**What you are asked to do:**
Beginning with the first line of the entries below, quote each line until you reach and include the line with "Image 1 of Vintage".

*** Block opens ***

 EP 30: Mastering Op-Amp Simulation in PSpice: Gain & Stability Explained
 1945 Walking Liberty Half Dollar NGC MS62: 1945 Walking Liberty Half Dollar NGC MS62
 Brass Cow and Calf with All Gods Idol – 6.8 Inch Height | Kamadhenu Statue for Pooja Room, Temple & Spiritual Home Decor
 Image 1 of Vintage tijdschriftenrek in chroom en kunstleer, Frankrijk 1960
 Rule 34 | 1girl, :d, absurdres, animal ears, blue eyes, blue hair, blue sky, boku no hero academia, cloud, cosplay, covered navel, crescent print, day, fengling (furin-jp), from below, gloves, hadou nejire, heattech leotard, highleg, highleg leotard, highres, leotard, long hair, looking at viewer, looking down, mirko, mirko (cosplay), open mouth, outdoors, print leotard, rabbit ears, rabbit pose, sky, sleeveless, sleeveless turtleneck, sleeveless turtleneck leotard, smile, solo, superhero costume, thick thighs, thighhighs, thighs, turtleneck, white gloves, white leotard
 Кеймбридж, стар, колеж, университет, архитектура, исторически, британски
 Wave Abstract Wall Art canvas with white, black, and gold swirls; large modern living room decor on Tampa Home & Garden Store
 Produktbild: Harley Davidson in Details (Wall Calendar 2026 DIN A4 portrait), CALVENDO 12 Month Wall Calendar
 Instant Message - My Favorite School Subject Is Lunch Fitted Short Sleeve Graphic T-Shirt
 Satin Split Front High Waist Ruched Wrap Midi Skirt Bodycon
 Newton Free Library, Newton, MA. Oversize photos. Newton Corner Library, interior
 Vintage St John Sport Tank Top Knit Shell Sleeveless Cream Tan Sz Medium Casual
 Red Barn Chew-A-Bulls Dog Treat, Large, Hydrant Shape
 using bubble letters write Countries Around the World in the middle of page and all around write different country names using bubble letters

*** Block closes ***

**Expected output:**
 EP 30: Mastering Op-Amp Simulation in PSpice: Gain & Stability Explained
 1945 Walking Liberty Half Dollar NGC MS62: 1945 Walking Liberty Half Dollar NGC MS62
 Brass Cow and Calf with All Gods Idol – 6.8 Inch Height | Kamadhenu Statue for Pooja Room, Temple & Spiritual Home Decor
 Image 1 of Vintage tijdschriftenrek in chroom en kunstleer, Frankrijk 1960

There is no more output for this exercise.